Oğlumun gördüğü kurtlar...

"Orman işletmesinin yaban hayatına saldığı kurtlarda küpe takılı imiş, sık sık kontrol ediliyorlarmış..."

Edebiyat hayatında masal başta olmak üzere çok sayıda edebîanlatımlarda canavar ifadesi geçer. Anadolu'da kurttan başka pek fazla yırtıcı, öldürücü, yaralayıcı ve korkutucu hayvan kalmadığı için "canavar" denilince de akla gelen kurttur. Mitolojik anlatımlara da konu olan kurtlar, yaban hayatının dengesini sağlasa da kıra bırakılan, güdülerek otlatılan, zaman zaman da ahır, dam, çit ve ağıldaki hayvanlara zarar verebilen bir yabani hayvandır. Kurt aynı zamanda evcilleştirilemeyen bir hayvandır. Kurtlar saldırırken de evcil ve yaban hayvanlarını ayırt edemiyorlar, etmiyorlar. Bu ifadeye cevap aşağıda olacaktır.
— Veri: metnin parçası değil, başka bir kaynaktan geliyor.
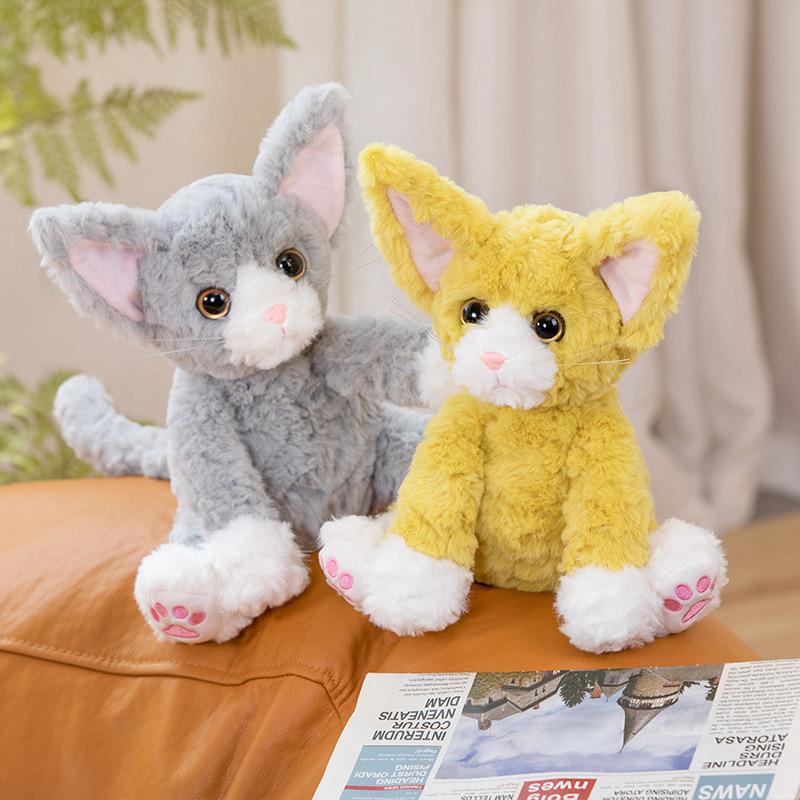 Мультяшная немецкая кошка кукла плюшевая игрушка имитация котенка кукла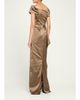 Rickie Freeman for Teri Jon Off-Shoulder Stretch Taffeta Column Gown - 3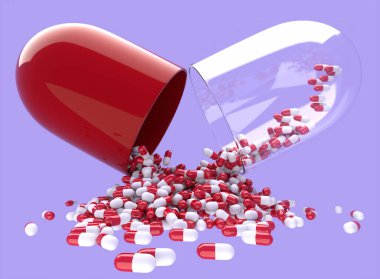 antivirüs covod19 'un büyük bir kapsülünde küçük kapsüller var.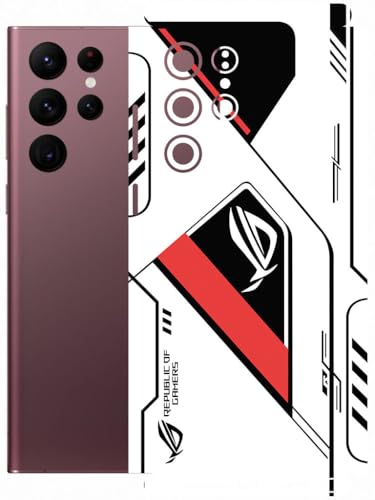 Image of AtOdds - Full Body Back Screen Guard Protector Film - Lamination Wrap Skin Sticker Compatible with Samsung Galaxy S22 Ultra | Scratchproof Matte Finish (RogRed)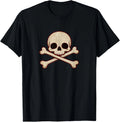 Kawaii Whimsigoth Skull Crossbones Pastel Goth T-Shirt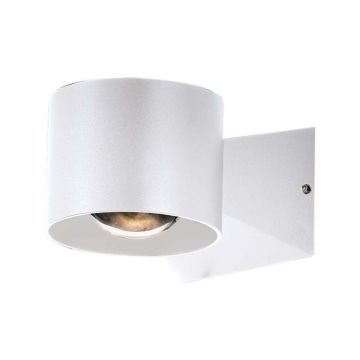 V-TAC VT-1179 LED wall lamp up/down 5W SMD double beam 4000K round shape white color IP65 - sku 10444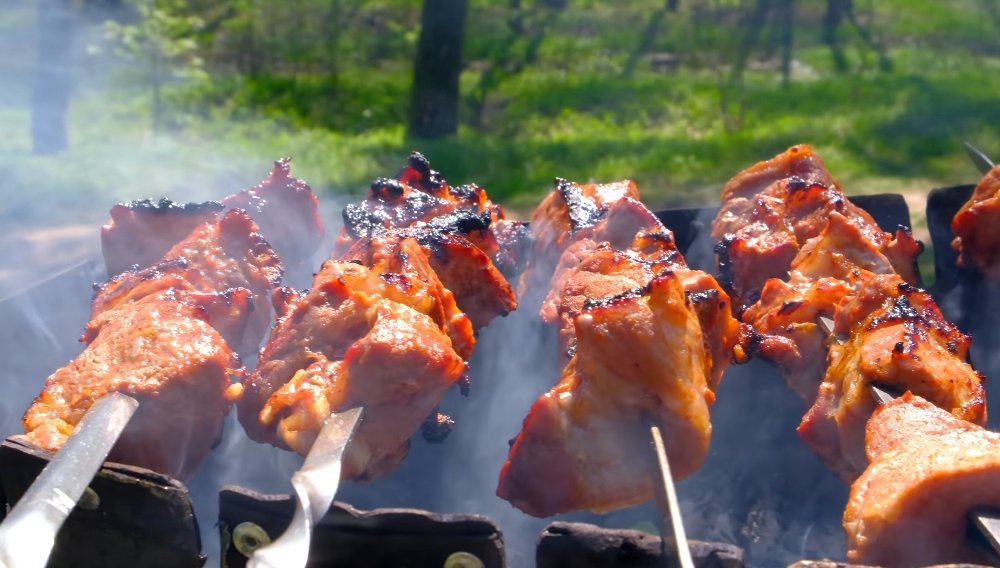 шашлык в томатном соке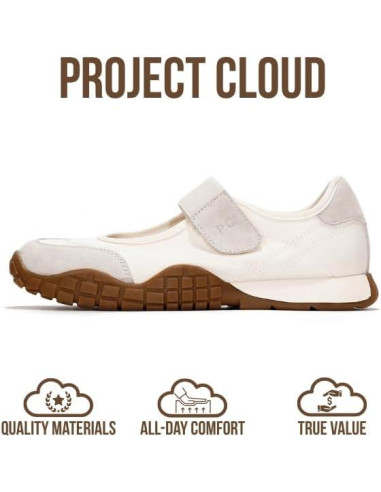 Zapatos Mary Jane Mujer Project Cloud Donna - Antideslizantes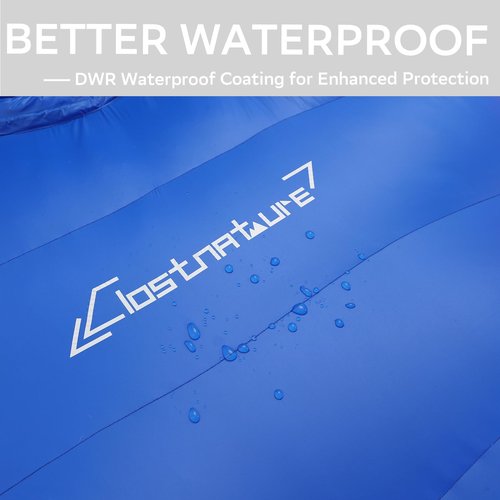 Clostnature Down Backpacking Sleeping Bag - 20D 550 Fill Power Ultralight Winter Down Mummy Sleeping Bag for Camping, Lightweight Cold Weather Compact Camping Gear for Kids, Adult, Girls, Boys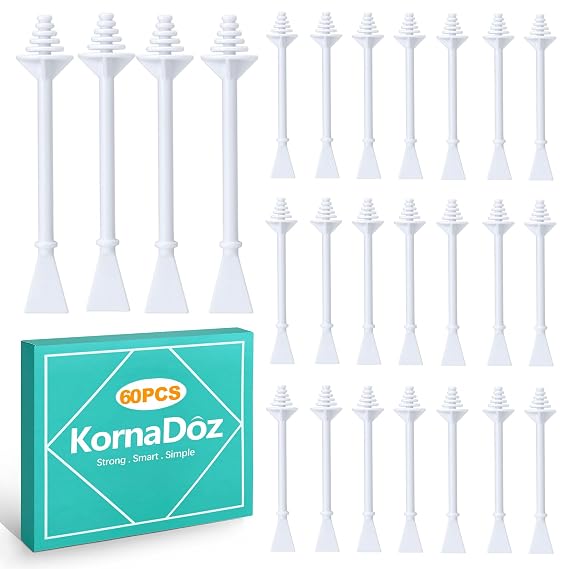 60 Pieces Nose Hair Wax Applicator Sticks, Nasal Hair Remover & Ear Wax Sticks for Nostril Cleaning, Painless Facial Hair Removal for Men and Women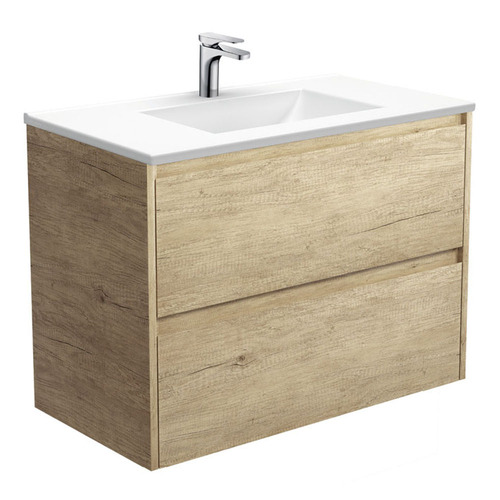 Vanessa Amato Scandi Oak Wall Hung Vanity Unit Temple & Webster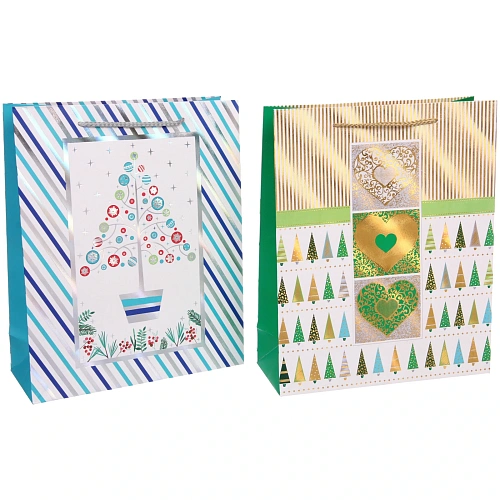 Пакет подарочный Зимняя нежность 263210 см, микс_4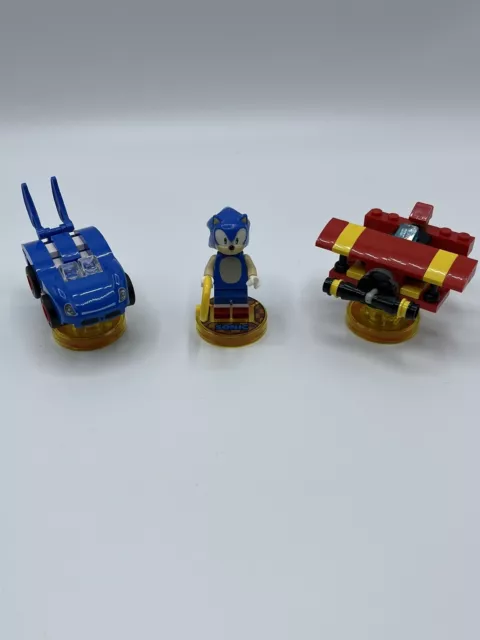 Lego Dimensions Sonic The Hedgehog 71244 Level Pack - Corre Que Ta Baratinho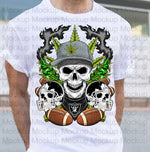 CANNABIS SKULL PNG designs 2023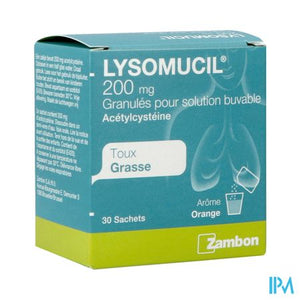 Lysomucil 200 Gran Sach 30 X 200mg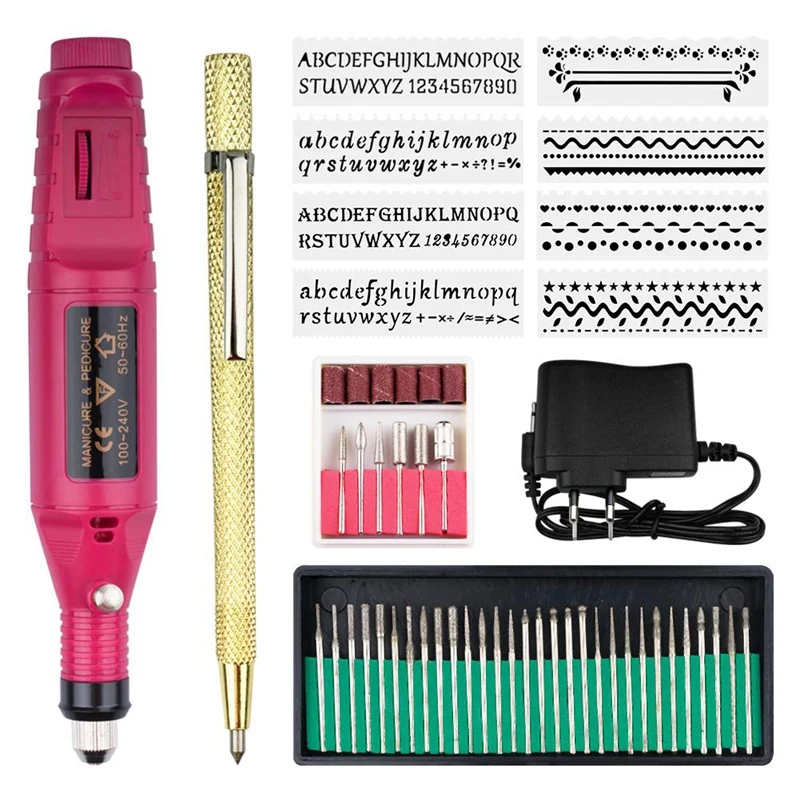 Электрический микро гравер ручка Мини Diy виброгравировальный набор инструментов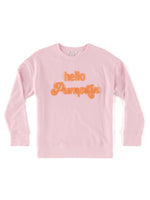 Hello Pumpkin" Sweatshirt - Blush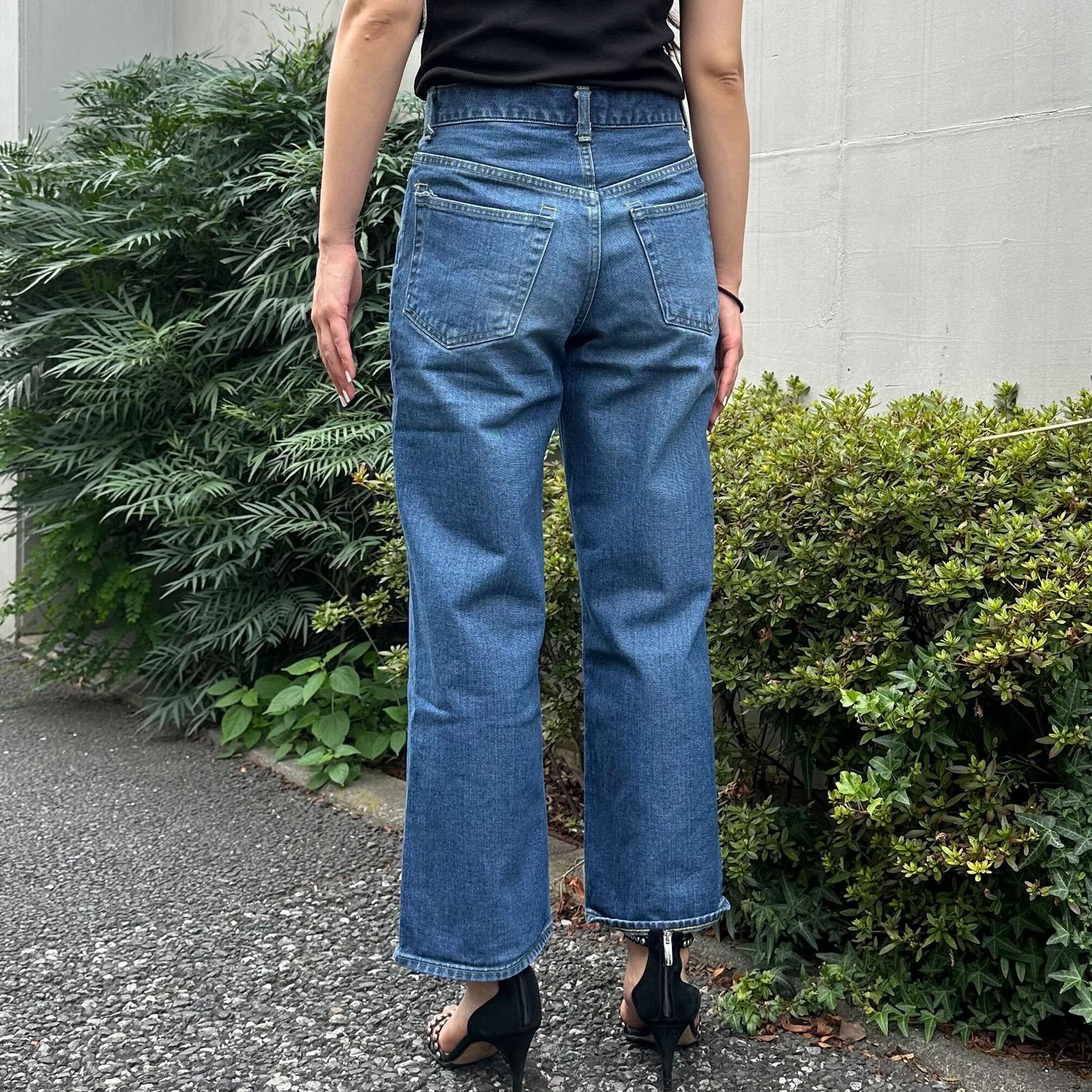 ブーツカットミドルジーンズ 72989 DEEPBLUE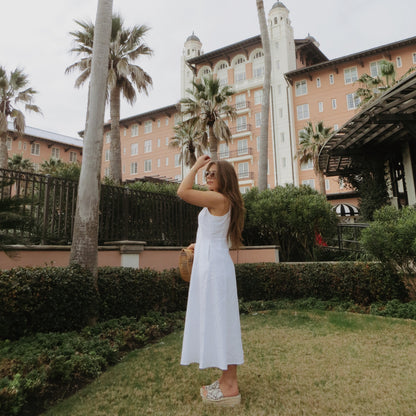 The Chelsea Linen Midi Dress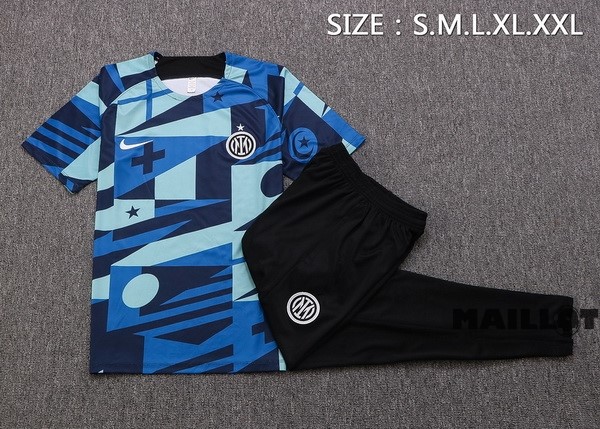 Foot Maillot Pas Cher Entrainement Ensemble Complet Inter Milán 2022 2023 Bleu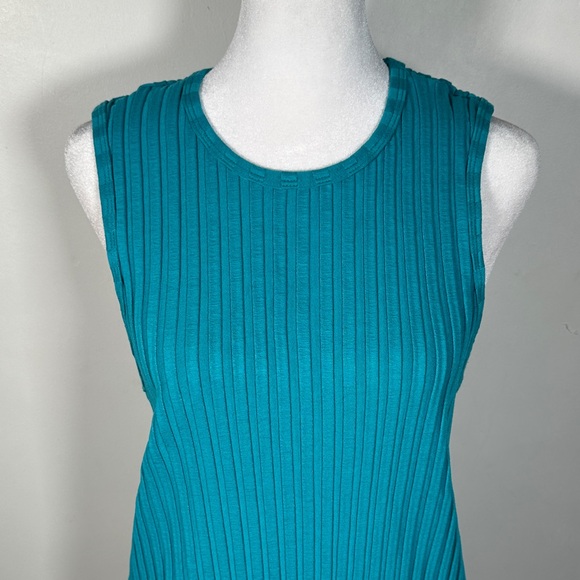 Simon Miller RIB Aukai Tunic Top Mini Dress Sleeveless Side-Slit Green Women's - Picture 9 of 14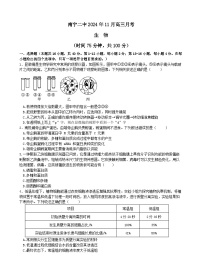 广西南宁市第二中学2024-2025学年高三上学期11月月考生物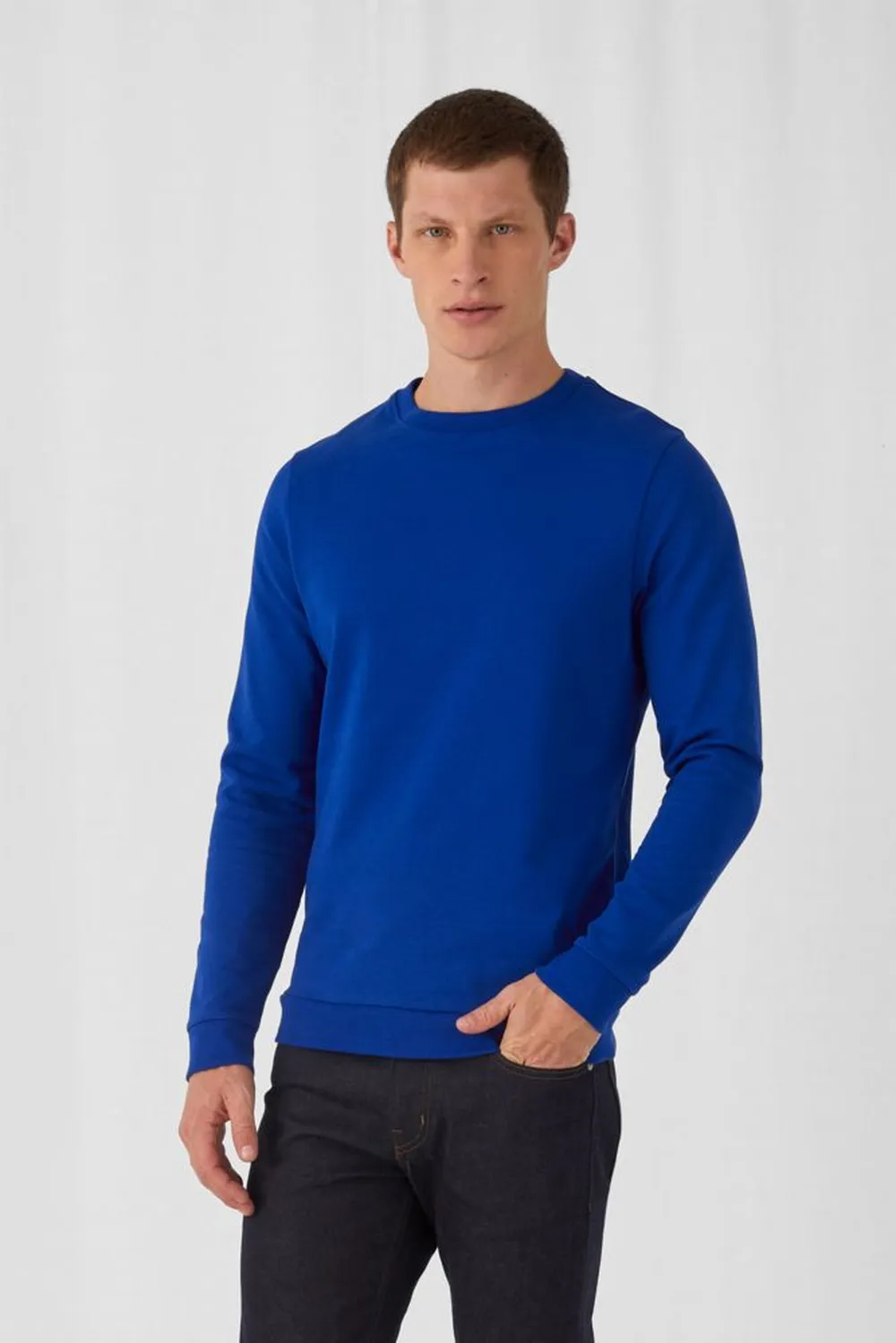 Свитшот унисекс Set In, светло-желтый заказать онлайн с вашим дизайном на заказ в Москве и области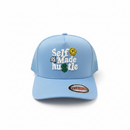 MUKA 'Self Made Hustle' Trucker Hat (S.Blue) T5500B - FRESH N FITTED
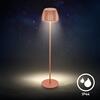 BRILONER nabíjecí stojanová lampa Riffle - 124 cm, 4,2W, 400lm, bezdrátová, LED, stmívatelná, dotykový vypínač, měď 1238013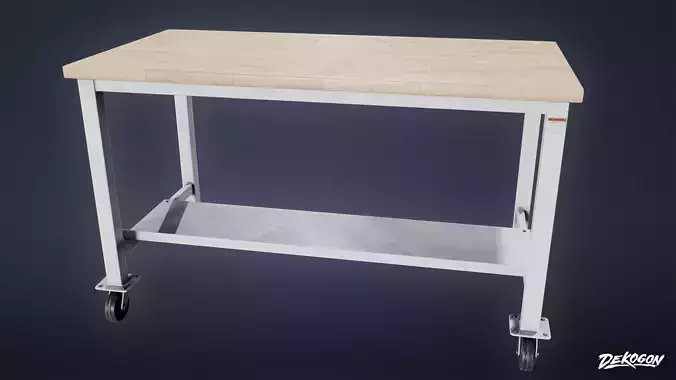 JOBSITE - Table Board 01 - LOW POLY AND NANITE Low-poly 3D model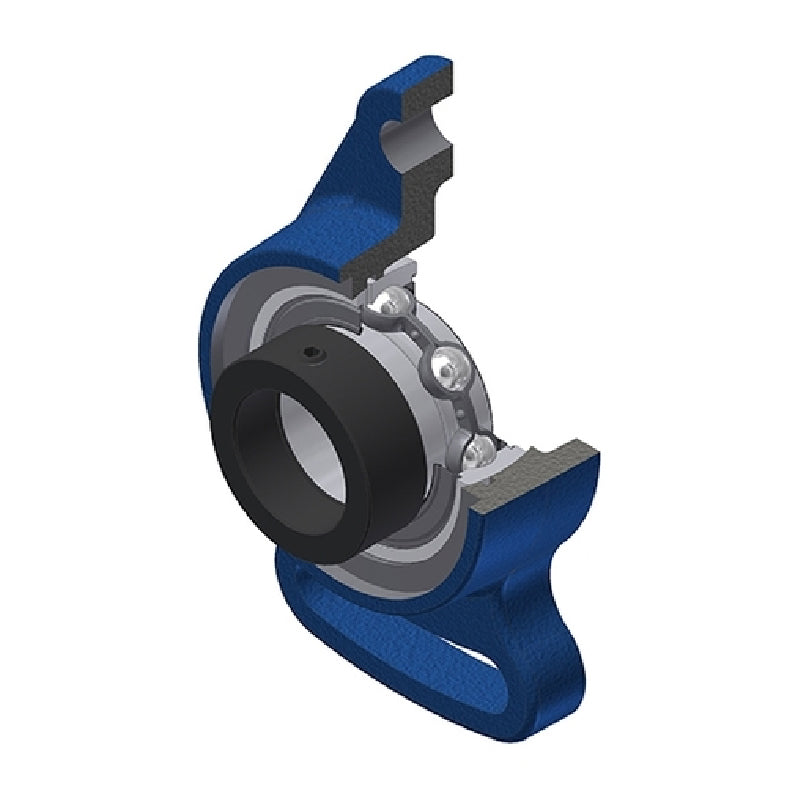 SNR ESFA204N Metric Cast Iron Adjustable Flange Unit with Eccentric Collar Insert 20mm Bore - Allow 2-3 Days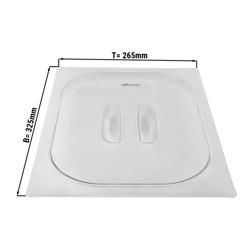 (6 pièces) Couvercle GN 1/2 en polycarbonate – Transparent
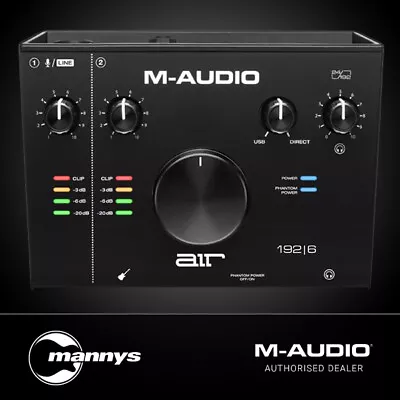 M-Audio Air 192x6 2-In/2-Out 24/192 USB Audio/MIDI Interface • $239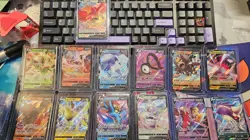 Pokemon TCG Silver Tempest Insane Lot of 13 cards - /195 - #pkT V Card lot - Image 1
Doğada mevcut kurtlar, yaban hayatında doğup büyüyenler ve insanlar tarafından büyütülüp doğaya salınanlar olarak gruplandırılır. Kurtların doğada bulunması ihtiyaç olarak kendini gösteriyor. Nedenine gelince ülkemizde ayı, domuz, çakal, fare aşırı çoğalmış olarak dikkat çekmektedir. Yaban hayvanları, aşırı çoğalmaları nedeniyle bağ, bahçe ve tarlalara aşırı zarar verebiliyor. Doğal dengenin sağlanmasında kurtların önemli katkıları vardır. Durum alenidir. Bu anlamda devlet kurtların avını yasaklamış ve doğaya yetiştirilen kurtları salmıştır. Bir muhtarın ifadesini yazayım. Orman işletmesinin yaban hayatına saldığı kurtlarda küpe takılı imiş, sık sık kontrol ediliyorlarmış.

Devletin yetiştirip doğaya saldığı kurtlar, insanlara alışmış, zarar gelmeyeceğini anlamış ve daha iyi ortamda yaşamak için insanların yaşadığı ortamlarda sık sık dolaşabiliyor. Çok sayıda örneği var, evcil hayvana dolaşmaları esnasında zarar verebiliyor.